First - here is the weekly summary and a look ahead ...

From David Pierson at the LA Times: In China, real estate fever is rising

Hundreds of miles inland from the booming real estate markets of Beijing and Shanghai, an unlikely property fever is gripping this middling industrial outpost.
...
Taxi drivers boast of owning multiple flats for investment. Billboards hawk developments with names such as Villa Glorious and Rich Country. Frenzied crowds pack sales events with bags of cash, buying units that exist only on blueprints. Average home values in Hefei soared 50% last year.
...
"No one had any idea real estate would get this hot here," said Huang Qingyuan, a sales agent for one of Hefei's most expensive housing estates — they go for about $120,000 per apartment.

While pricey by local standards, that's still a fraction of what homes cost in the capital.
And on speculators:
[In a building that is sold out, Guo Hongbing, a marketing consultant for several developers] was interested in estimating how many were left empty by investors. His unscientific method? Looking for curtains.

"See, less than half that building is occupied," he said, pointing to one block with several bare windows. "These speculators want to buy as many possible."
A few key points:

  • In China, apartments are sold as bare walls. There is a thriving industry of companies that finish apartments after they are bought.

  • As the LA Times article mentions, investors have few alternatives. There are no property taxes, and I believe no capital gains taxes. So investors buy properties and are willing to just let them sit empty.

    Of course the rules could change. From Esther Fund at the WSJ: China Considers U.S.-Style Property Tax
    China is considering introducing new or higher taxes on real estate, possibly even a U.S.-style property tax, which would mark a significant escalation of its struggle to cool down a booming property market now widely being described as a bubble.

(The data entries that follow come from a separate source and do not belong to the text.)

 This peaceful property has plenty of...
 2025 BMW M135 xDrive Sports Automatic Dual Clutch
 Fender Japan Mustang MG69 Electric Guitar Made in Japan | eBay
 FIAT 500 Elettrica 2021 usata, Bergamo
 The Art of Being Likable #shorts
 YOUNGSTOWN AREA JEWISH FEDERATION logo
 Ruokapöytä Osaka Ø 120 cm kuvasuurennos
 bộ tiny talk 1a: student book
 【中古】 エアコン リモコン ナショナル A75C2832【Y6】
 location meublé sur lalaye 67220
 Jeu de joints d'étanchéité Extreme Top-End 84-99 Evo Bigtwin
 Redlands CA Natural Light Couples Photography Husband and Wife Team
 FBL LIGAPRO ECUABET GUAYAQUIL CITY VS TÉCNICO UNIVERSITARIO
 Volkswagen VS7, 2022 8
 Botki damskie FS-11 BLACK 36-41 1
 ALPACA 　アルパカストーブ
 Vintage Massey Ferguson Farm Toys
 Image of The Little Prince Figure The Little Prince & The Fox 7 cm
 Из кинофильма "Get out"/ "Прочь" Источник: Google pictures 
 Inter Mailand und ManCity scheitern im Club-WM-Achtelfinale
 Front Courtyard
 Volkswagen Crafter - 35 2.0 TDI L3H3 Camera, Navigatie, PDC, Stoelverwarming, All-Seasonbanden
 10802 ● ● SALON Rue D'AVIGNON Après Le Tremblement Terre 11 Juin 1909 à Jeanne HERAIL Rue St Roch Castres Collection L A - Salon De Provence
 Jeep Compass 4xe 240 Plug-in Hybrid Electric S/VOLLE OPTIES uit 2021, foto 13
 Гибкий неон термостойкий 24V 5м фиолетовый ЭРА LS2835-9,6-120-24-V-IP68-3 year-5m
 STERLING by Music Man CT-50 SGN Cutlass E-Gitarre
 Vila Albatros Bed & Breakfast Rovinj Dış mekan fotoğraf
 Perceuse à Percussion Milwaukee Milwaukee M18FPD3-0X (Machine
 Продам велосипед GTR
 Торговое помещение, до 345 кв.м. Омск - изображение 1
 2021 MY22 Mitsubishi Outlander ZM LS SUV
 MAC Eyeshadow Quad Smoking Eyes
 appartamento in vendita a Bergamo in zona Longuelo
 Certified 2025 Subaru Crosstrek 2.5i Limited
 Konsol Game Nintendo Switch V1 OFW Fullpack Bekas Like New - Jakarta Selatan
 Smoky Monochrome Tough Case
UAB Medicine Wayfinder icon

    How authorities handle any kind of property tax—the prospect of which is fiercely opposed by some property developers—will have significant implications for China's economy ...
    This is different than the loose credit driven bubble in the U.S. Per my friend Michael in China:
    The majority of homes in China are purchased with down payments between 30-40%, which is required by the banks, and nearly 25% of homes are purchased with all cash. Only those qualifying for low-cost housing can purchase a home with a minimum down payment as low as 20%.
    If anything the lending is stricter now. But this property tax proposal (or something similar) could have a real impact.